Radiant ceilings are GREAT alternatives in high performance homes . You can read what Siggy thinks about those also .
Climate zone 6 Minneapolis, -13f to 90 f. Infloor radiant heat with taco zone valve controllers. Heating is done through a Taco XPB connected to a hot water tank. The XPB is on ODTR. This keeps a very even temperature as it varies throughout the season.
William, thanks for the info.
At this point I'm thinking of an Alpha circulator pump and zone valves. I've thought about a lot of things and changed my mind lots of time so this also is likely to change; but, for now, I'm kind of feeling like this is something worth doing a little more serious research on.
I would read through here:
https://www.greenbuildingadvisor.com/article/flatrock-passive-laying-out-the-mechanical-system
Even if you take out the wood stove and the buffer tank, a lot can be said for the simple setup he choose.
Any time you say zone, you are adding around $500 to your materials, so make sure there is a good reason for it.
A most overlooked part of system design is the DESIGNED for DELTA T . Loads will change , water temps will change , flow rates will change , pressure requirements will change , the most important thing to keep constant to maximize performance of the entire system is Delta T for the largest percentage of the season . Don't disable your system using a pressure circulator , although it says Delta P circ it maintains a set pressure as zones open and close . You'll size this circ for the design day which hardly happens and your entire system will not be what you designed it to be .

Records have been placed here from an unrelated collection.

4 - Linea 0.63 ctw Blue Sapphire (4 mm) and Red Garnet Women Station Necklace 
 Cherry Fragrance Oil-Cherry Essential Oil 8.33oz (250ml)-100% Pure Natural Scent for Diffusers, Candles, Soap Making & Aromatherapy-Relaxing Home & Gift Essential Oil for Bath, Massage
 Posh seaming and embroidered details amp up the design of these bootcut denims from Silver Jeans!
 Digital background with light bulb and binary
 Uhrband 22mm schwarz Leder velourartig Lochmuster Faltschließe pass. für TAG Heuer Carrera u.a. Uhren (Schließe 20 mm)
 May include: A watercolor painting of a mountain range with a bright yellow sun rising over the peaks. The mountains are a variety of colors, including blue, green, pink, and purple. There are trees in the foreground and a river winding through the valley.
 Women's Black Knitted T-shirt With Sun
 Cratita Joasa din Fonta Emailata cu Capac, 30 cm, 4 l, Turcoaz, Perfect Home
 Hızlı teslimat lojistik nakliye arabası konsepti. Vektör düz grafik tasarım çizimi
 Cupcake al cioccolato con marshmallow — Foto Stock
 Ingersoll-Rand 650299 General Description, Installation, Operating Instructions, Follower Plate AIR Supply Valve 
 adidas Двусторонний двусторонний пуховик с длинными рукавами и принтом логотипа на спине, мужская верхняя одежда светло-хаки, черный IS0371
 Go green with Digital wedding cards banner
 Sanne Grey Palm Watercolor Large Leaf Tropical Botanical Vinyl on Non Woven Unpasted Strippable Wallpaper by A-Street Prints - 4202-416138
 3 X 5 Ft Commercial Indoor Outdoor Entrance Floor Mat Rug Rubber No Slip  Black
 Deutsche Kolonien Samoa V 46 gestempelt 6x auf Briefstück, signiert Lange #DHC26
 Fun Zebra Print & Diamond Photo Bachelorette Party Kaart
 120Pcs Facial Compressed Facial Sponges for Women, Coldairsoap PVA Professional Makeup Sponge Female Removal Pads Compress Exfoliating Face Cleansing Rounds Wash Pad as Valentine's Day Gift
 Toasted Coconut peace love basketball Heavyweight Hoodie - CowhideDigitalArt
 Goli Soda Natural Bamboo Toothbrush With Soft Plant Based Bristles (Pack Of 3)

I do not work for , nor am I compensated by any manufacturer , I design , maintain , and FIX poorly designed hydronic systems with a variety of issues . Pressure circs are well suited to panel rad and constant circulation systems , that being said , any system will work in a superior manner using a Delta T circulator .
Taco VT2218
There is zoning and there is balancing.
In my last house the radiant system had but 3 zones, but every loop had a valve which could adjust that loops output.
You start with all wide open, assuming they are of equal lengths. If you end up with a cool area, you throttle back the zone closer to the thermostat until it is balanced. If you cannot balance it you did not put enough tube in the floor.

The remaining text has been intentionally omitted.